Wednesday, March 17, 2010

A Bank Is Just A Bank?

GG4EFSVPQ6KK Every week I look at the list of the banks seized by the FDIC and wonder if the institutions on the list have any shared attributes. Based on an admittedly non-scientific review of the four banks seized last week, it turns out that they may. Mismanagement.

Looking at The Park Avenue and LibertyPointe Banks in New York City, Old Southern Bank in Orlando Florida and Statewide Bank in Covington Louisiana reveals what appears to be significant business lapses. Some issues, like the looting of TARP funds by the former president of the Park Avenue bank were not uncovered until after the bank's seizure. But many other problems were evident long before the FDIC stepped in.

Take the case of Old Southern Bank: in September of 2009, barely three years after its founding, the Federal Reserve Office of Financial Regulation issued a cease and desist order to the Bank's management citing credit and oversight issues and ordering the institution to "maintain effective control over, and supervision of, the Bank’s major operations and activities, including but not limited to, management, credit risk management, concentrations of credit, capital, and earnings." This isn't an unusual citation for a failing bank, however, the bitter public infighting between the Bank's CEO and a board member raises lots of questions. While the deteriorating Florida real estate market contributed to the flood of red ink inundating Old Southern, it seems like bad loans weren't the only problem for just the second bank in the region to fail since the great depression.

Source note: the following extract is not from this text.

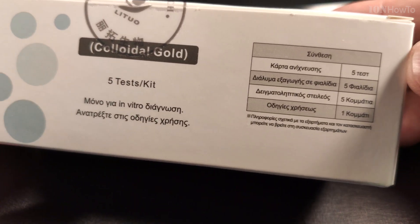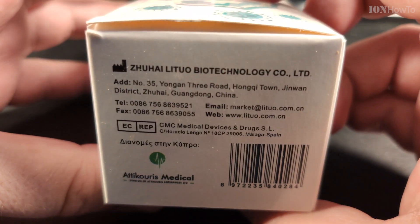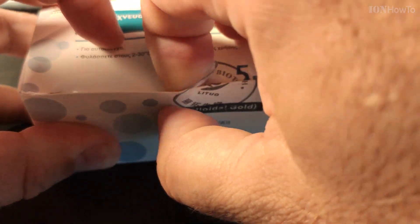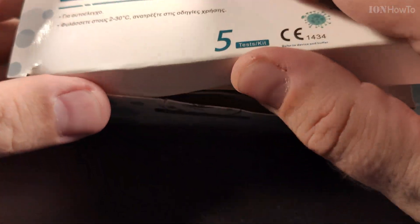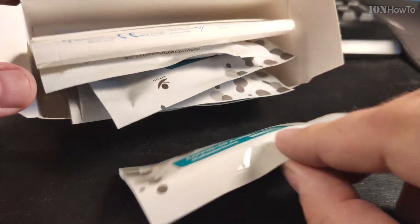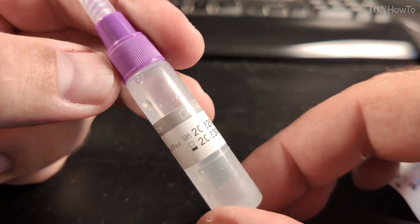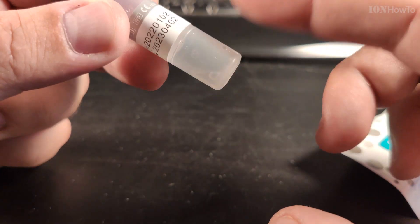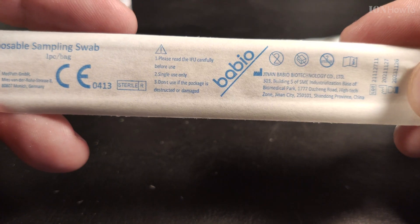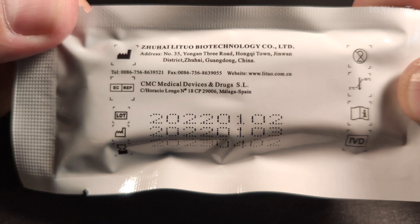In this video I will show you how to do a SARS-CoV-2 COVID-19 self-test. This is the colloidal gold test where a sample is mixed with the buffer solution. The buffer solution is included in the kit, which is designed for testing at home.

OldePointe, the first bank to fail in New York City since 1999 (The Park Avenue Bank became the second, just one day later), collapsed under the weight of bad real estate loans. This came after the five year old bank was charged by the FDIC last July for engaging in "unsafe and unsound" lending practices. Are these poor banking practices related to the Bank's chairman the alleged shoddy real estate development efforts? Perhaps.

A customer walking out of a former Park Avenue Bank branch the day after it was sold by the FDIC to Valley National Bank said, "We thought, a bank is a bank," expressing surprise at the change. What do you think?